A trial has three possible outcomes: $1, 2$, and $3$, and the probabilities of getting
outcome $1, 2$, and $3$ are $p_1, p_2 $ and $1 − p_1 − p_2$ , respectively.
Suppose that we observed two sets of independent outcomes from the trial. For the first
set of observations, we have:
$x_1$ = number of trials with outcome 1 in the first set of observations = $5$
$x_2$ = number of trials with outcome 2 in the first set of observations = $3$
$x_3$ = number of trials with outcome 3 in the first set of observations = $2$.
For the second set of observations, which is independent from the first set, we have:
$x_4$ = number of trials that do not have outcome 3 in the second set of observations = $9$,
$x_5$ = number of trials with outcome 3 in the second set of observations = $3$.

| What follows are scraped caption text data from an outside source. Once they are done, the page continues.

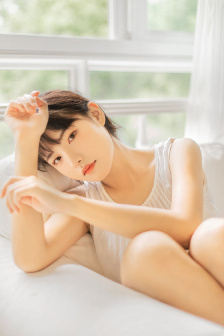 黑洞电视剧免费观看完整版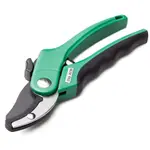 Product image of Mockins Anvil Pruning Shears
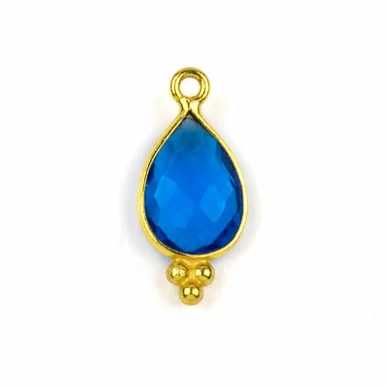 cherrytreebeads20260521230029435774
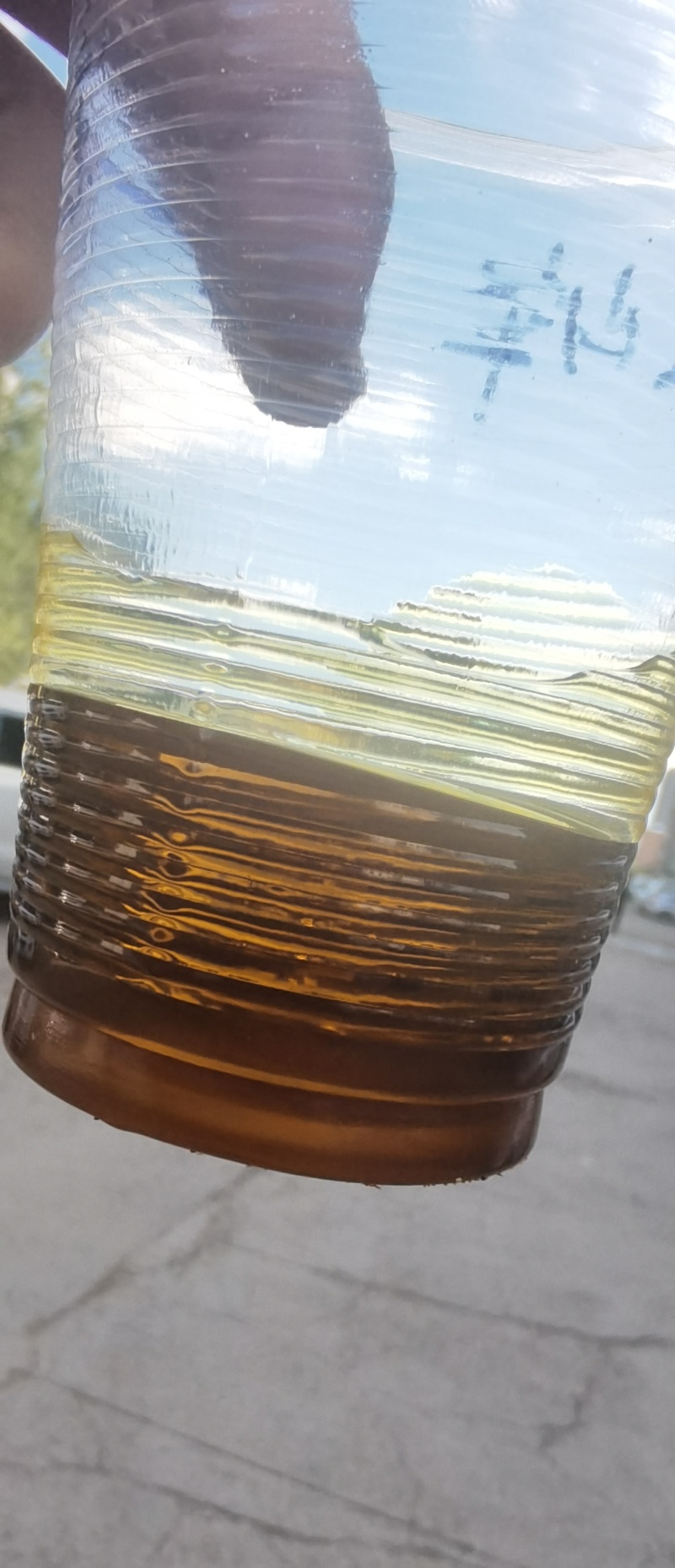 2024年4号油菜籽300吨41.9含油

What is the likelihood function of $θ=(p_1 , p_2)$ based on the observed data? Obtain the
analytical solution of the MLE and compute its numerical value based on the observed data
I'm confused by the fact that there are 2 sets of observations, how do I approach this.
Best Answer
Likelihoods are multiplicative whenever they arise from independent samples. Therefore, if you know how to construct a likelihood for each individual set of observations, you simply multiply them together to obtain a likelihood of the joint set of observations. The subtlety here is that the likelihood of the second set requires a little more care to construct.

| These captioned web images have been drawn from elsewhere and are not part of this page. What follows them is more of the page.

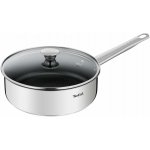 Tefal pánev Cook Eat 24 cm – Hledejceny.cz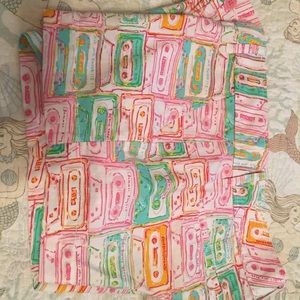 EUC .. no piling or stains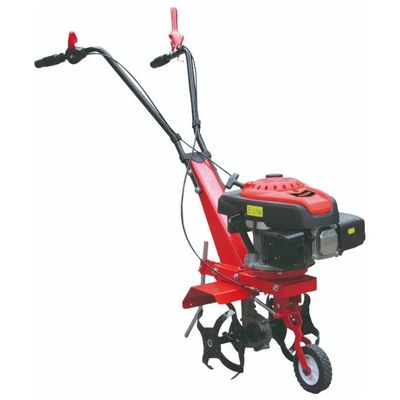 VIGOR-BLINKY Vigor VMZ-35 Motozappa 4 Tempi 139 cc, 3,5 HP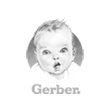 Gerber Logo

The likelihood arising from both sets of observations is $$\mathcal L(p_1, p_2 \mid \boldsymbol x) \propto p_1^{x_1} p_2^{x_2} (p_1 + p_2)^{x_4} (1-p_1-p_2)^{x_3+x_5},$$ hence the log-likelihood is $$\ell(p_1, p_2 \mid \boldsymbol x) = x_1 \log p_1 + x_2 \log p_2 + x_4 \log (p_1 + p_2) + (x_3+x_5) \log (1 - p_1 - p_2).$$ The partial derivative with respect to $p_1$ is $$\frac{\partial\ell}{\partial p_1} = \frac{x_1}{p_1} + \frac{x_4}{p_1+p_2} - \frac{x_3+x_5}{1-p_1-p_2},$$ and similarly for $p_2$ we have $$\frac{\partial\ell}{\partial p_2} = \frac{x_2}{p_2} + \frac{x_4}{p_1+p_2} - \frac{x_3+x_5}{1-p_1-p_2}.$$ The log-likelihood is maximized for some $(\hat p_1, \hat p_2)$ for which the partial derivatives equal zero, so subtracting second equation from the first gives $$\frac{x_1}{p_1} - \frac{x_2}{p_2} = 0,$$ or $x_2 p_1 = x_1 p_2$. Substituting back into the first equation gives $$\begin{align*} 0 &= x_1 \left(\frac{1}{p_1} + \frac{x_4}{(x_1+x_2)p_1} - \frac{x_3+x_5}{x_1 - (x_1+x_2)p_1} \right) \\ &= x_1 \left( \left( \frac{x_1 + x_2 + x_4}{x_1+x_2} \right)\frac{1}{p_1} - \frac{x_3+x_5}{x_1 - (x_1+x_2) p_1} \right). \end{align*}$$ Dividing both sides by $x_1$ and rearranging terms gives $$\left(\frac{x_1+x_2}{x_1+x_2+x_4}\right) p_1 = \frac{x_1 - (x_1+x_2)p_1}{x_3+x_5},$$ or $$(x_1 + x_2) \left( 1 + \frac{x_3 + x_5}{x_1+x_2+x_4}\right)p_1 = x_1,$$ and we finally get $$\hat p_1 = \frac{x_1 (x_1+x_2+x_4)}{(x_1+x_2)(x_1+x_2+x_3+x_4+x_5)}.$$ Similarly, $$\hat p_2 = \frac{x_2 (x_1+x_2+x_4)}{(x_1+x_2)(x_1+x_2+x_3+x_4+x_5)}.$$ (We will forgo the verification that this critical point is indeed a maximum.)